━━━━━ Supplied information

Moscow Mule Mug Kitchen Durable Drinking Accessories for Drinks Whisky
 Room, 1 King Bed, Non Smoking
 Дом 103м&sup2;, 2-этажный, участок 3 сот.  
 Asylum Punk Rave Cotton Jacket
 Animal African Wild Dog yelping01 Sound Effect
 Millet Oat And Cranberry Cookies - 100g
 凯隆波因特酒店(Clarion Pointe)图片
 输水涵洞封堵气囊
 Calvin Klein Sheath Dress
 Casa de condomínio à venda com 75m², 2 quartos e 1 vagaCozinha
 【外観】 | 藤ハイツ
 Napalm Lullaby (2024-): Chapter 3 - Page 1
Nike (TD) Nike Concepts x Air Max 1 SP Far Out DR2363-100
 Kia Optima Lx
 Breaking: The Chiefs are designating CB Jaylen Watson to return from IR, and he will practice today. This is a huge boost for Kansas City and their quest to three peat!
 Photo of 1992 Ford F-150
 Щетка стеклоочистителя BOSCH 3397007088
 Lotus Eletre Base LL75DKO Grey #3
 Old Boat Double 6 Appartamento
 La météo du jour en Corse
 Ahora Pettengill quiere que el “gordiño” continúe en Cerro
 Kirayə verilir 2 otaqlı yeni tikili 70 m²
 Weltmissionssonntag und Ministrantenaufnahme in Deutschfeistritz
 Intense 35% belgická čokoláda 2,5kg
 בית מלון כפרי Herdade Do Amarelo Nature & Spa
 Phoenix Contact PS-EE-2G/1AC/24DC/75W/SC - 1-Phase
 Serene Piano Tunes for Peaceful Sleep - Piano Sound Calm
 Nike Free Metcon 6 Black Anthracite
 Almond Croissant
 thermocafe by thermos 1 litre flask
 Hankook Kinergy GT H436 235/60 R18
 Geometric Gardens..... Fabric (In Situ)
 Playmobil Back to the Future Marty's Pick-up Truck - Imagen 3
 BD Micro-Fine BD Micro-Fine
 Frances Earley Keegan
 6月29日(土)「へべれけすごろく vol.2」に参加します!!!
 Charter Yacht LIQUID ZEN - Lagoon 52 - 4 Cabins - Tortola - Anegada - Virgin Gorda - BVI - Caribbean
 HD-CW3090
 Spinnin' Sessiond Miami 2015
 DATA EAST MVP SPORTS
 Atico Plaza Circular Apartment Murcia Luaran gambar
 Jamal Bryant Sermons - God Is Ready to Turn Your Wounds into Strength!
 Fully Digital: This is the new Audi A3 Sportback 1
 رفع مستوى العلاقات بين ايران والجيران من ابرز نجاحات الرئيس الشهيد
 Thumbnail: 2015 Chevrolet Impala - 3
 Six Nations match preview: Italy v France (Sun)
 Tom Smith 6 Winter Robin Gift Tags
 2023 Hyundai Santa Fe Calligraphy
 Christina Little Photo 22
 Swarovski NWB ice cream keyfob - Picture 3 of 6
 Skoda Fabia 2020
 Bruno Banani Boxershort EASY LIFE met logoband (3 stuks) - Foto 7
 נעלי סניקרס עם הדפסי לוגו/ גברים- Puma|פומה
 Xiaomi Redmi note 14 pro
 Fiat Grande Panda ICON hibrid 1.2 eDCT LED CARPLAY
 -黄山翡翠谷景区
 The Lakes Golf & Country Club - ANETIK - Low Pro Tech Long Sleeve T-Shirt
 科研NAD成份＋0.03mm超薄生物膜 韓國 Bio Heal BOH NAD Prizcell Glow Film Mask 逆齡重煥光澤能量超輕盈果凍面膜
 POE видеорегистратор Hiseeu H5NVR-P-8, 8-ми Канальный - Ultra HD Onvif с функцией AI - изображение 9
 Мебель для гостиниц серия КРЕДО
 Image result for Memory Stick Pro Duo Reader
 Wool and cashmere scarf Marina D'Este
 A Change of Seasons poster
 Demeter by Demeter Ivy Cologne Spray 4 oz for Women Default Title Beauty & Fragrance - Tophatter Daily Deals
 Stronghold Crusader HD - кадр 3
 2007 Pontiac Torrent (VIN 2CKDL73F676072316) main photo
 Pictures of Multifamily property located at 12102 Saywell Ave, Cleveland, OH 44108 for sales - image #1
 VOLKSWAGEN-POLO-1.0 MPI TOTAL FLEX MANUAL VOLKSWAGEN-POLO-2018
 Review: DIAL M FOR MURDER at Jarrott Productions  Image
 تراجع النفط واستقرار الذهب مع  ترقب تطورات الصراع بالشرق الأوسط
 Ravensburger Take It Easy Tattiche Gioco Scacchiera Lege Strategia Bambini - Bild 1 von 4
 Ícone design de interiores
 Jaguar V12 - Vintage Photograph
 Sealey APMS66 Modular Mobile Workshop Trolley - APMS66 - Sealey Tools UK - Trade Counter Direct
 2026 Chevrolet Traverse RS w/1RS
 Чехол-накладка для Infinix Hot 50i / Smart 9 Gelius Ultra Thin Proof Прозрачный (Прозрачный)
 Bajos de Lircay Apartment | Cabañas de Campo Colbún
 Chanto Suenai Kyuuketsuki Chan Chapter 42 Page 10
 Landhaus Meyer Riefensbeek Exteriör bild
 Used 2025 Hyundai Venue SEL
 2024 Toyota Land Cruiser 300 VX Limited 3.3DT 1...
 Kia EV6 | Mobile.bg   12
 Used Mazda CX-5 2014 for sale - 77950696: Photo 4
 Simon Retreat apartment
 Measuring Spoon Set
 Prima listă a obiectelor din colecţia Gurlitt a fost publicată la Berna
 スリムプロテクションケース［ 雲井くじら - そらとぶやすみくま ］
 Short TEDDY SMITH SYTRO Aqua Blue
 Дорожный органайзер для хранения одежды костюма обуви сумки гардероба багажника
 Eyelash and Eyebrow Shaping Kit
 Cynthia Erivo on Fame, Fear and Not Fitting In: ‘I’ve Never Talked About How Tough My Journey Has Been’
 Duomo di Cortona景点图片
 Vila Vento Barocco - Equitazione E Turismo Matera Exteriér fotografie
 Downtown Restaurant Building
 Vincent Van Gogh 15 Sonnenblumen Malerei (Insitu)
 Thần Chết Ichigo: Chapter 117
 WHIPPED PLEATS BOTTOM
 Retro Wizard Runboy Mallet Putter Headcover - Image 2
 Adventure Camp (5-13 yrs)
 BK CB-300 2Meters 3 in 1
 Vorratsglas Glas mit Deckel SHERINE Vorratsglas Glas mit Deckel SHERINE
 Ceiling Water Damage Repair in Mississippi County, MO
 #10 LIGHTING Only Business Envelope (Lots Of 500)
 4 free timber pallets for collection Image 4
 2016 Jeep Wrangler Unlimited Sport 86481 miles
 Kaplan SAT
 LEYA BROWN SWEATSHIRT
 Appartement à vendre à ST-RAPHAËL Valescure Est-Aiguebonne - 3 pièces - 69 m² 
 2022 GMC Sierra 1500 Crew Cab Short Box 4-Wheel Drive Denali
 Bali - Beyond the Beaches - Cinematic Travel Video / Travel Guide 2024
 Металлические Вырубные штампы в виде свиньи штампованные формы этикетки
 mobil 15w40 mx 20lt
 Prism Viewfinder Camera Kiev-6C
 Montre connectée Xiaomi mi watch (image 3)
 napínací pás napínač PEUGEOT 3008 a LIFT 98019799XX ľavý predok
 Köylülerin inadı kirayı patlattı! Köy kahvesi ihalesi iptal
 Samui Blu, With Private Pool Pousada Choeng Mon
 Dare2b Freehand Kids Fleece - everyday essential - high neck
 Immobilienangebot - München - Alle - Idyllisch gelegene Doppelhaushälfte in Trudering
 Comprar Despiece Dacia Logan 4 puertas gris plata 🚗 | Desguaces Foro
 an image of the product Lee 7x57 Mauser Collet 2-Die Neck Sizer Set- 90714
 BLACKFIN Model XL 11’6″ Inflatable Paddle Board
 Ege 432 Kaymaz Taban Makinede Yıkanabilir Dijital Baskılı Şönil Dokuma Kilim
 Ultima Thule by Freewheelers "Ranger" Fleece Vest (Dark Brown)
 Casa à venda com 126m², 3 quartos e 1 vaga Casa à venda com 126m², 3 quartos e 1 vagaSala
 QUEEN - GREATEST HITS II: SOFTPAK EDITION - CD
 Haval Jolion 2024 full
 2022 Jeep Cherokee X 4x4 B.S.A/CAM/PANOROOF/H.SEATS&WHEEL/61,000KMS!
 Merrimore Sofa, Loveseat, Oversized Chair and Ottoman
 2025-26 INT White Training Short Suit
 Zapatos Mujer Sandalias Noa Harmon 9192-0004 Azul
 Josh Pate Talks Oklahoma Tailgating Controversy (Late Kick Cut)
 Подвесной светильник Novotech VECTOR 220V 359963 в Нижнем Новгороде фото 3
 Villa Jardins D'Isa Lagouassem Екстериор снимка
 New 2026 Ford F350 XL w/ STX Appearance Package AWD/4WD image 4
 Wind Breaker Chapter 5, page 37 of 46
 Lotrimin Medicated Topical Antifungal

━━━━━━━━━━

Lines wanted from the listing above: the line with "Adventure Camp (5-13 yrs)" up to and including the line with "napínací pás napínač". Please write them out exactly, adding nothing else.

Response below
 Adventure Camp (5-13 yrs)
 BK CB-300 2Meters 3 in 1
 Vorratsglas Glas mit Deckel SHERINE Vorratsglas Glas mit Deckel SHERINE
 Ceiling Water Damage Repair in Mississippi County, MO
 #10 LIGHTING Only Business Envelope (Lots Of 500)
 4 free timber pallets for collection Image 4
 2016 Jeep Wrangler Unlimited Sport 86481 miles
 Kaplan SAT
 LEYA BROWN SWEATSHIRT
 Appartement à vendre à ST-RAPHAËL Valescure Est-Aiguebonne - 3 pièces - 69 m² 
 2022 GMC Sierra 1500 Crew Cab Short Box 4-Wheel Drive Denali
 Bali - Beyond the Beaches - Cinematic Travel Video / Travel Guide 2024
 Металлические Вырубные штампы в виде свиньи штампованные формы этикетки
 mobil 15w40 mx 20lt
 Prism Viewfinder Camera Kiev-6C
 Montre connectée Xiaomi mi watch (image 3)
 napínací pás napínač PEUGEOT 3008 a LIFT 98019799XX ľavý predok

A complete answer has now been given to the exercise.